Figure 2: UCA1 knockdown improves radiosensitivity. A. DU145-Parental, B. DU145-IRR, C. The relative ratio of surviving DU145-Parental and DU145-IRR cells transfected with UCA1 siRNA following 6Gy of IR compared to corresponding controls. D. A representative clonogenic survival assay out of three experiments. Means, SDs, and differences of statistical significance are denoted by * (p < 0.05); n = 3 independent experiments for each experiment. E. PC3 and F. RWPE1 cells were transiently transfected with control or UCA1 siRNA, radiation clonogenic survival assays were performed, and surviving fraction fitted to the linear-quadratic equation. There were statistically significant differences in cell survival following 4 Gy, 6 Gy, 8 Gy and 10 Gy (RWPE1) of IR for all survival curves (p < 0.05).

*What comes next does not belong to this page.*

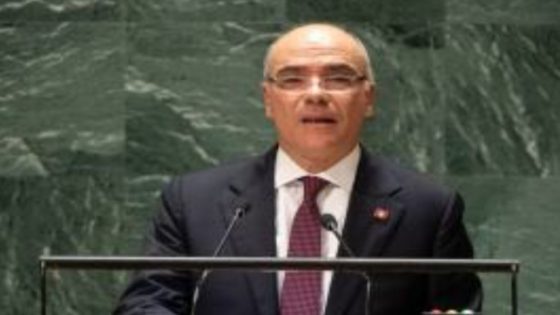تونس والنزاع الصحراوي: رسالة حقوقية في الجمعية العامة للأمم المتحدة وبوصلة العلاقات الإقليمية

A significant decrease in cellular proliferation was observed in DU145-Parental-UCA1 siRNA and DU145-IRR-UCA1 siRNA cells compared to their corresponding controls (Figure 3A, p values = 0.007 and 0.02, respectively). Similar results were observed in PC3 and RWPE1 cells transfected with UCA1 siRNA (Supplementary Figure S4A and S4B). We then utilized the soft agar assay to evaluate the effect of UCA1 knockdown on tumorigenic potential. As shown in Figure 3B and C, UCA1 knockdown decreased colony formation in both DU145-Parental (mean number of colonies: 7.5 ± 1.4 (UCA1 siRNA) vs. 17.5 ± 1 (control); p = 0.001) and DU145-IRR cells (mean number of colonies: 20.25 ± 1.8 (UCA1 siRNA) vs. 50.5 ± 3.1 (control); p = 0.0002).

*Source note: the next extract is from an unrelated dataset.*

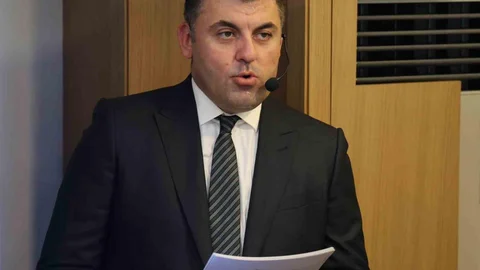 Aydın Sanayi Odası'na Adaylık Açıklaması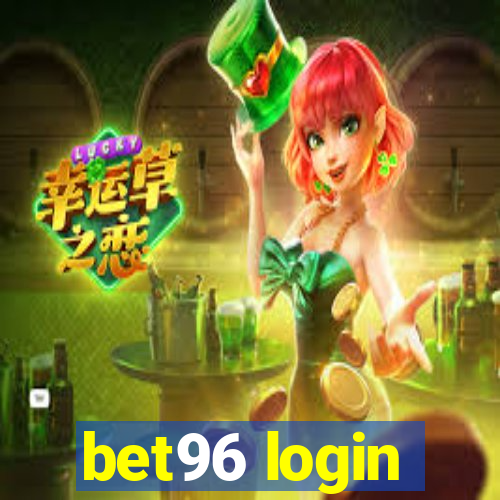 bet96 login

Figure 3: UCA1 knockdown reverses aggressive phenotype. A. A cell proliferation assay using alamarBlue shows significantly lower level of reduced alamarBlue in DU145-Parental and DU145-IRR cells transfected with UCA1 siRNA (p < 0.05). B. Soft agar assay of DU145-Parental and DU145-IRR cells transfected with UCA1 siRNA compared to corresponding controls. C. A representative soft agar experiment out of three experiments (scale bar denotes 200µm). D. Matrigel transwell invasion assay of DU145-Parental and DU145-IRR cells transfected with UCA1 siRNA compared to corresponding controls. E. A representative invasion assay out of three experiments. Means, SDs, and differences of statistical significance are denoted by * (p < 0.05); n = 3 independent experiments for each experiment.

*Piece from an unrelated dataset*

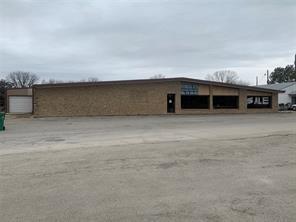 Barnhill - Commercial Sale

To further investigate the mechanism of UCA1 on aggression, we assessed invasiveness following UCA1 knockdown and observed that this did not significantly alter the invasive capacity of DU145-Parental (1.22 ± 0.34 vs. 1.0 (control), p = 0.67) or DU145-IRR cells (0.97 ± 0.3 vs. 1.0 (control), p = 0.7) (Figure 3D, 3E). Taken together, our results indicate that UCA1 knockdown can largely reverse the aggressive phenotype, modulate radiation sensitivity and inhibit tumorigenic potential.
UCA1 knockdown effect on cell cycle progression and DNA repair
Flow cytometry analysis was performed to investigate the influence of UCA1 depletion on cell cycle distribution. 41 hours after IR, DU145-Parental-UCA1 siRNA cells showed a significantly decreased proportion in the G0/G1 phase [G0/G1 phase: 39.8 ± 4.1% (UCA1 siRNA) vs. 47.2 ± 4.6% (control); p = 0.006], no change in the S phase [S phase: 3.14 ± 0.9% (UCA1 siRNA) vs. 4.3 ± 1.5% (control); p = 0.57] and a significantly increased proportion in the G2/M phase [G2/M phase: 57.1 ± 5.1% (UCA1 siRNA) vs. 48.6 ± 6.1% (control); p = 0.01] compared to control cells (Figure 4A, 4B). Consistently, we observed that UCA1 knockdown significantly decreased the ratio of cells in the G0/G1 phase [G0/G1 phase: 40.6 ± 1% (UCA1 siRNA) vs. 56.5 ± 4% (control); p = 0.005], did not change the ratio of cells in the S phase [S phase: 4.6 ± 0.2% (UCA1 siRNA) vs. 7.3 ± 0.4% (control); p = 0.6], but increased the cells in the G2/M phase in DU145-IRR cells [G2/M phase: 54.7 ± 1.3% (UCA1 siRNA) vs. 36.2 ± 4% (control); p = 0.009], 41 hours after irradiation exposure (Figure 4C, 4D). Our results suggest that UCA1 can induce cells to accumulate in the G2/M phase, which likely contributes to the radiosensitisation resulting from UCA1 knockdown.
Figure 4: UCA1 depletion disrupts cell cycle progression and induces cell cycle arrest at the G2/M transition. Cell-cycle profiles of DU145-Parental A, B. and DU145-IRR C, D. cells transfected with UCA1 siRNA following a 6 Gy dose of IR at 0 hour or 41 hours, respectively. Staining for gamma-H2AX showed no significant difference in DSB repair kinetics following 10 Gy IR in (C, D) cells transfected with UCA1 siRNA following a 6 Gy dose of IR at 0 hour or 41 hours, respectively. Staining for gamma-H2AX showed no significant difference in DSB repair kinetics following 10 Gy IR in E. DU145-Parental and F. DU145-IRR cells transfected with UCA1 siRNA. Means, SDs, and differences of statistical significance are denoted by * (p < 0.05); n = 3 independent experiments for each experiment.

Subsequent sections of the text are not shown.